▶ [WHAT TO DO]:
Write out exactly the lines running from the one with "AMD Athlon II" to the end of the data, including both of those lines and excluding pictures.

(Crawled caption data)
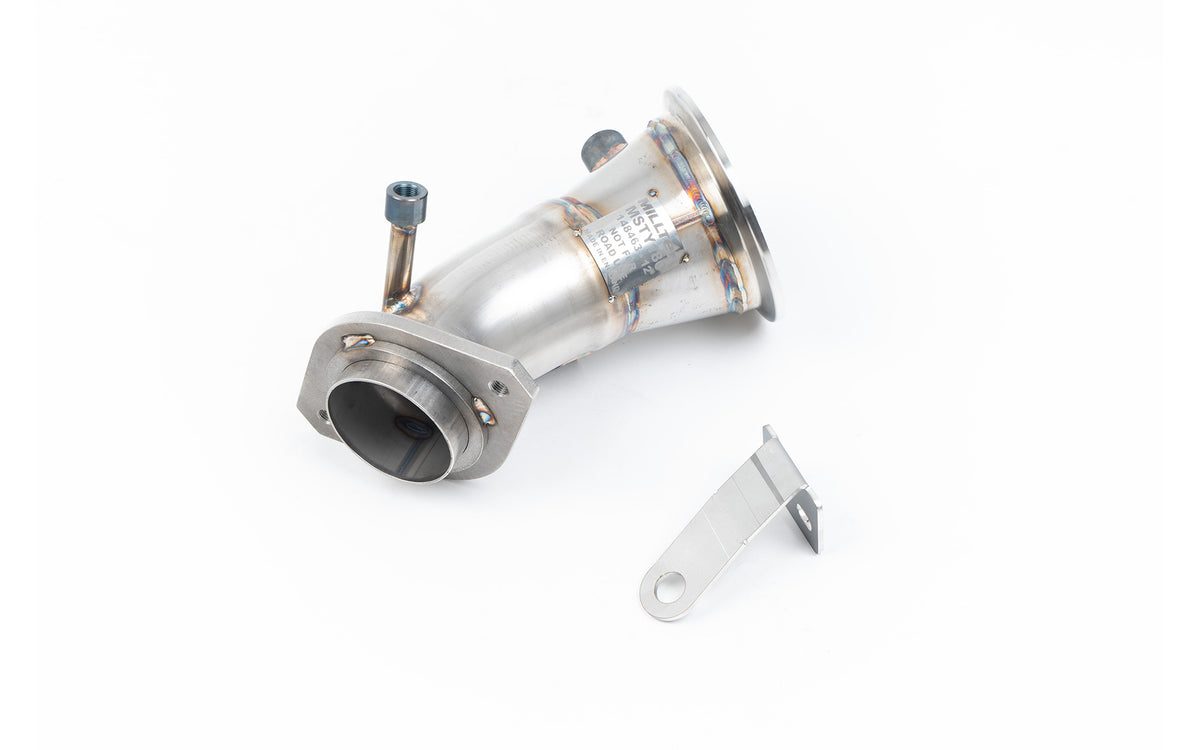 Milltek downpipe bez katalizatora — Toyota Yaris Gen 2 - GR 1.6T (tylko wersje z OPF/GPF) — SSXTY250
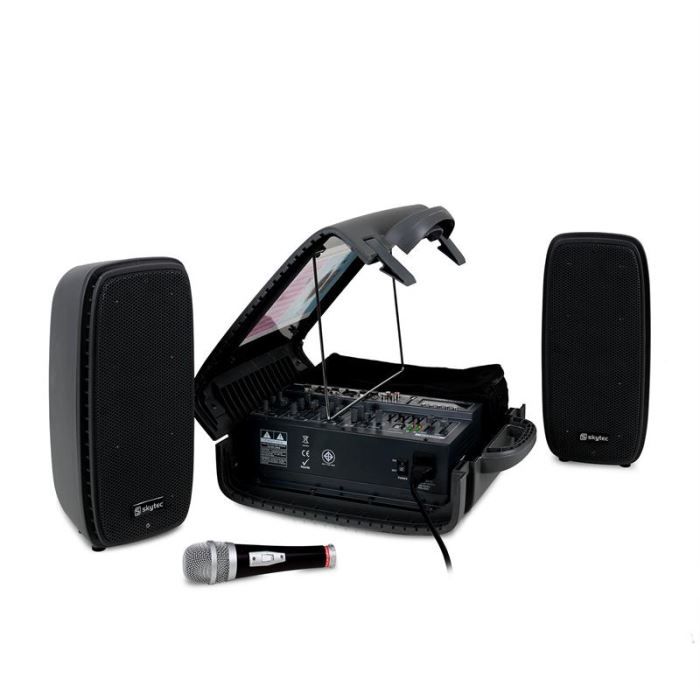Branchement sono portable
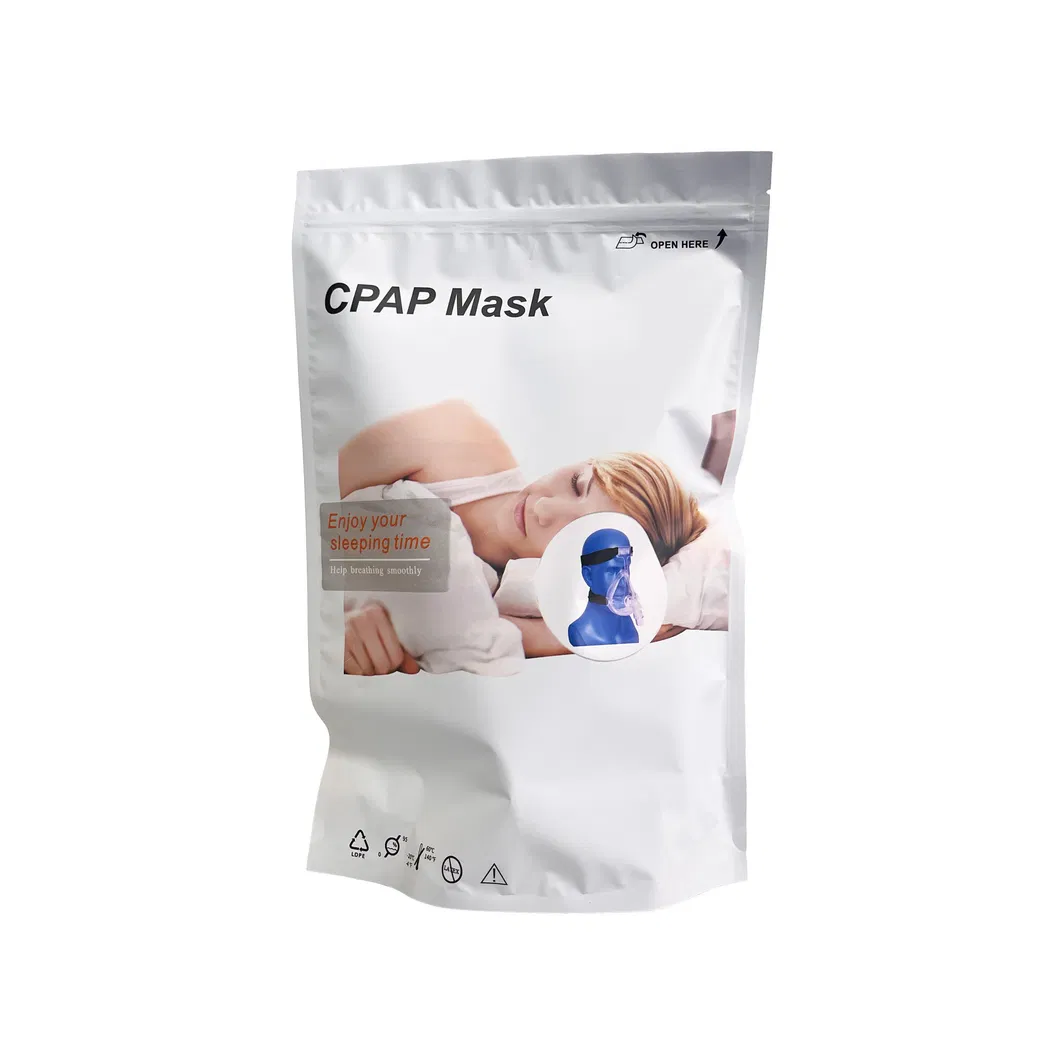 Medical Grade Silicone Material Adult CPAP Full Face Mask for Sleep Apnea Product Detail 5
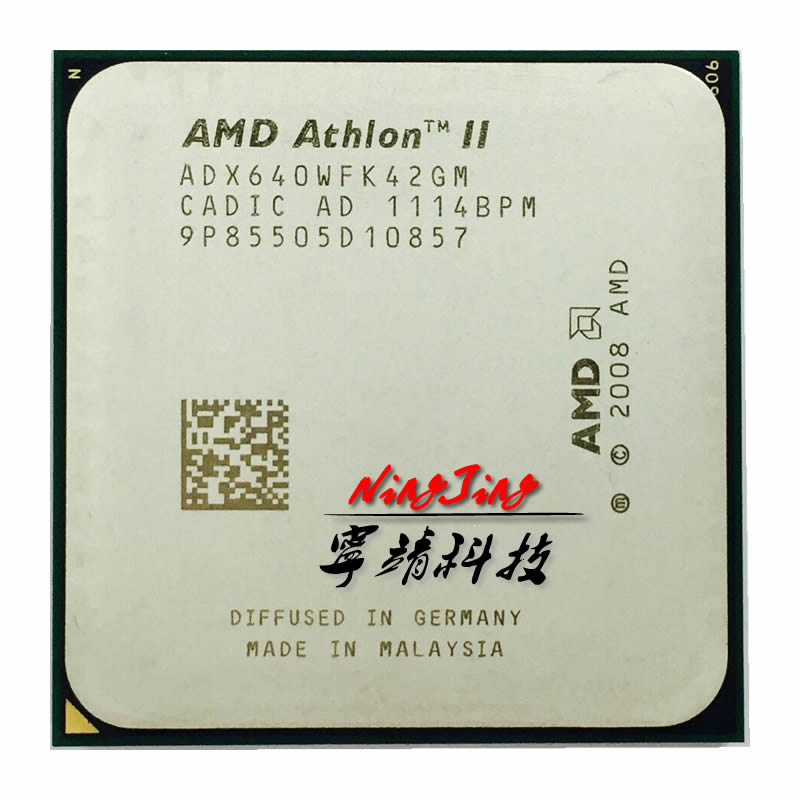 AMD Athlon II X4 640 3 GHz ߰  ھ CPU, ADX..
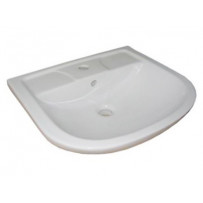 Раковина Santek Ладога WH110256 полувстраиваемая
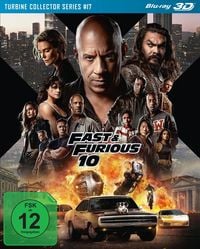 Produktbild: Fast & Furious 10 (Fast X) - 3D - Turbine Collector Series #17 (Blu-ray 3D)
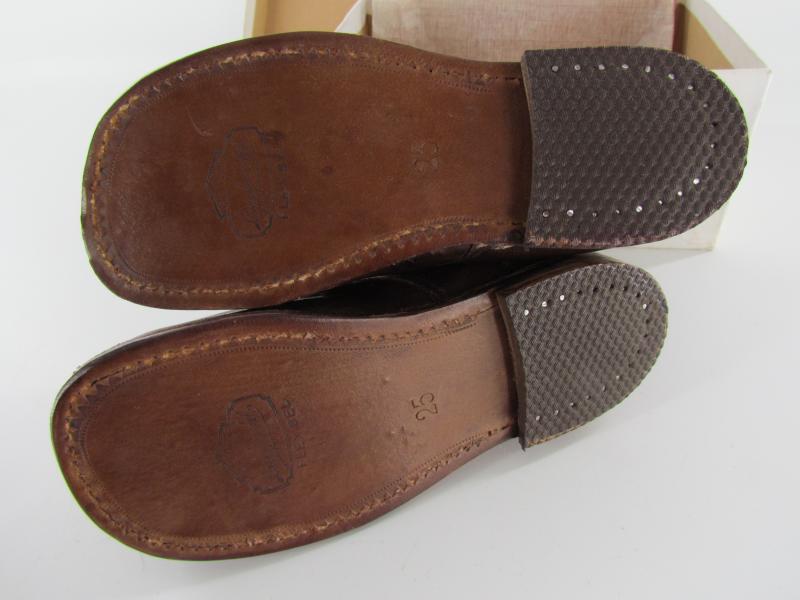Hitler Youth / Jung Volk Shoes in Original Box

▶ [ANSWER SPACE]:
 AMD Athlon II X4 640 3 GHz ߰  ھ CPU, ADX..
 Раковина Santek Ладога WH110256 полувстраиваемая
 Produktbild: Fast & Furious 10 (Fast X) - 3D - Turbine Collector Series #17 (Blu-ray 3D)
Hitler Youth / Jung Volk Shoes in Original Box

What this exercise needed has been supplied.